I just moved about 2 miles from the floridatown boat ramp, wondering if anyone could tell me what is good near it. No boat, just wading with a net or pole.


----------



## Murphy's Law (Sep 27, 2007)

Mullet for sure with the netand you can get flounder around the docks also.


----------



## Lynchmob (Oct 2, 2007)

I've always heard that the water around there is nasty, I wouldn't eat anything you catch.:sick


----------



## miztergentz (Oct 8, 2007)

Have to agree.... I lived in that area for better than 25 years, I too would not eat anything from there except in great moderation and plenty of HOT grease! I had several freinds live in the "Andrew Jackson Estates" right there at the ramp and they ate a lot of what they caught.... So, I guess it's really up to you. There are plenty of Mullet, Flounder, Crabs and even a few Brim/Bass get scattered in there..... Enjoy yourself.


----------



## 60hertz (Oct 1, 2007)

Be careful wading out there. A LOT of debris is still in the water all up and down Andrew Jackson estates after Ivan destroyed everything. Wear some decent shoes.
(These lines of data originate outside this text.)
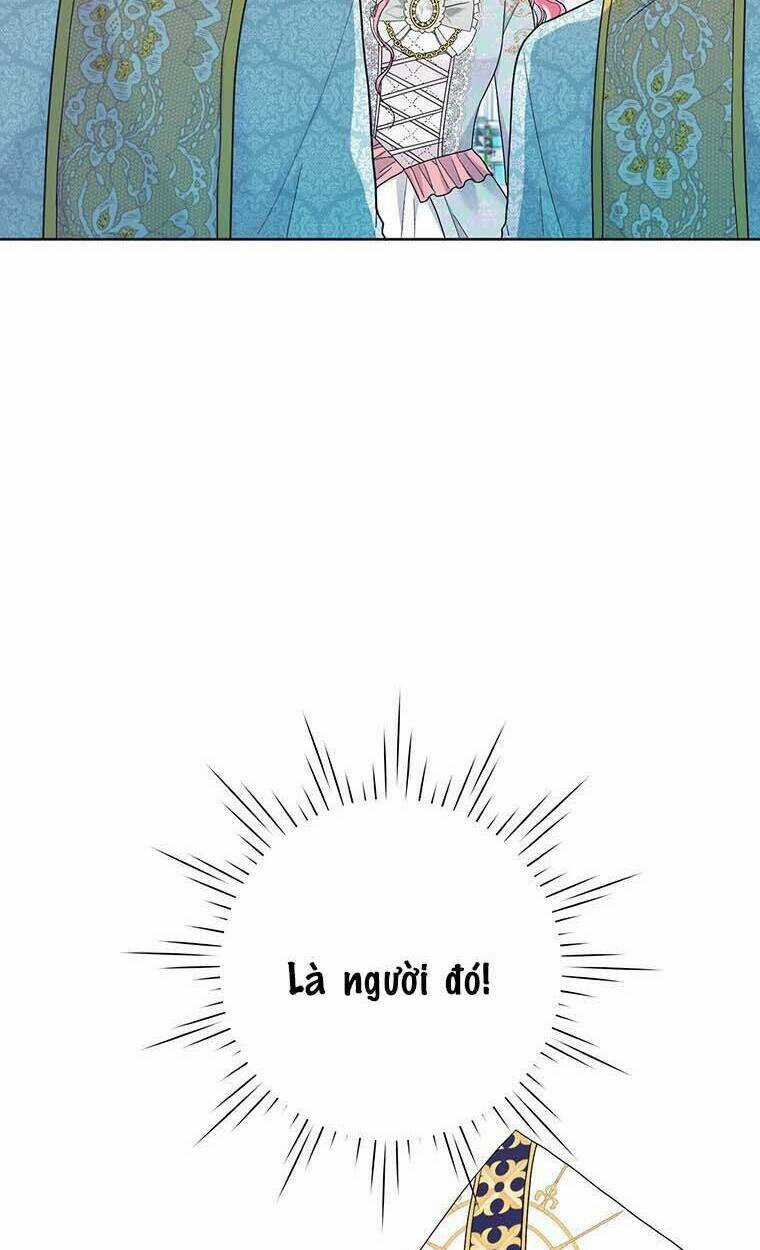 Trở Thành Con Dâu Của Kẻ Phản Diện Vì Thời Gian Có Hạn Chapter 30 trang 51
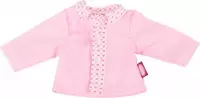 Götz accessoires Shirt, Herzchen - maat S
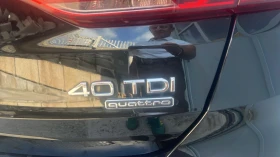 Audi Q3 40 TDI quattro S tronic | Auto.bg — изображение 5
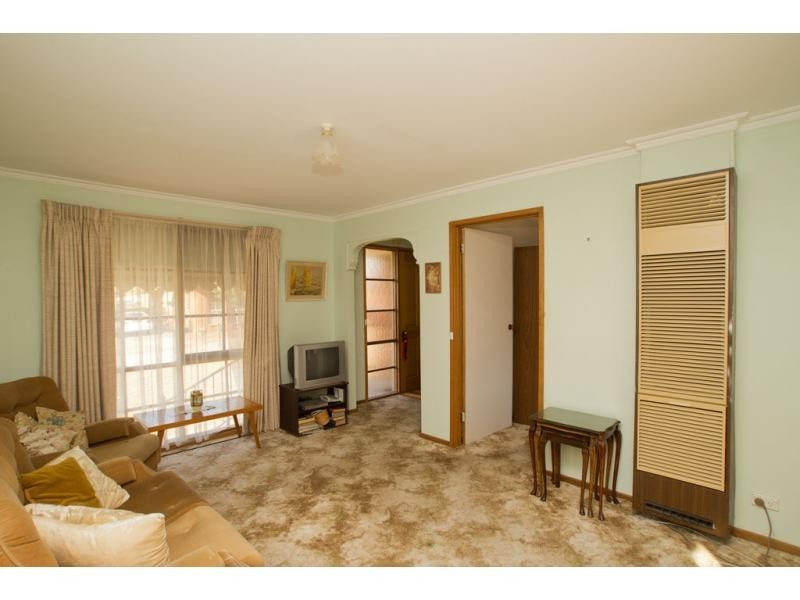 Kangaroo Flat VIC 3555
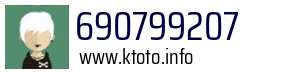 690799207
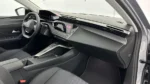 Peugeot 308 SW 308 sw 1.5 BlueHDi 130ch Allure EAT8 – Image 8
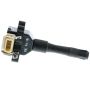 VEMO V20-70-0011 Ignition Coil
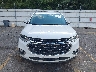 1GNEVJKW5JJ****** Destrozados 2018 Chevrolet Traverse en Estado de Michigan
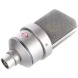 NEUMANN TLM 103 MONO SET — студийный конденсаторный микрофон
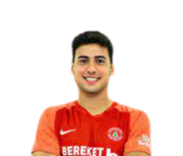 https://img.yangfang-china.com/img/football/player/60a8fe8aeafef456336c3a6597005162.png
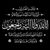 Hassan Moujahid's profile image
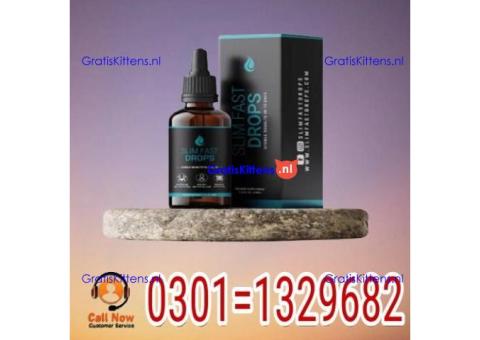 Slim Fast Drops in Pakistan {0301=1329682} best price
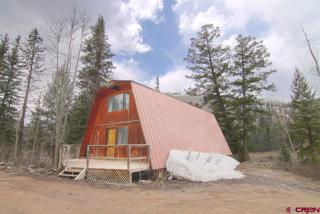 49330 Highway 550, Durango, CO 81301-8731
If you walk all of the way to the North, there is a sandy peninsula. You used to be able to drive a Jeep or 4x4 out there, but it is all blocked off now and posted, so I don't know what to tell you about that.

But, if you catch a strong incoming or outgoing tide you can tear up the Specks there. They must use the area behind that peninsula for a safe haven or something. You don't need anything fancy either, just a chartreuse jig head and chartreuse minnows or the nuclear chicken colored (bright green and red) Gulp! shrimp.

You could probably fish this entire area via kayak too, I don't know if you'd be able to get anything else back in there - that whole area is very shallow, plus with all of the debris in the water there is no telling what you'd run into.

I don't know if I would eat anything out of that area or not - water quality is pretty bad because a lot of that is runoff from the neighborhoods and surrounding streets.


----------



## phasetim (Jan 31, 2008)

Thanks everyone, 



I've never been concerned too much with where I catch fish, and water quality etc... etc.. Hot grease and a prayer before my meal  



How far up is that peninsula from the launch?


----------



## welldoya (Oct 5, 2007)

Not far, not over a half mile straight up the road north.

Seems like I've seen trucks out there in the last month so I don't know if it's blocked off or not.


----------



## floridays (Oct 2, 2007)

They blocked the road access at the end of Andrew Jackson. Lots of debris in some areas like 60hertzsaid. Tough to wade in some areas, I have sunk up to my knee. I used to take my boat over there and get out and wade. Used to be quite a few redfish in the area of that point. Lots of mullet at times and a few flounder. Good luck


----------



## phasetim (Jan 31, 2008)

1/2 mile.. easy... I've walked 5 miles one way to get to a sweet hole... 



Thanks again everyone.....


----------



## jch5407 (Jan 4, 2008)

Try the first bridge coming out of Pace (Bass Hole Cove). Have had some good luck with Specks, Redfish, and Flounder. The last time I was down there I just used a topwater for fun. Had some luck with the specks, also had some nice sized chasing reds. When it gets cold out the flounder come in there. Good Luck. James


----------



## SolarFlare (Oct 3, 2007)

I've gotten reports there are some slot fish being caught in that area. I don't know much about the wading and botoom conditions. I am told there a few scattered holes north of the launch that will hold reds.

Good Luck and watch for soft spots and heavy silt, wouldn't want to see a guy at low tide stuck with only his head sticking up and the tide coming in!oke


----------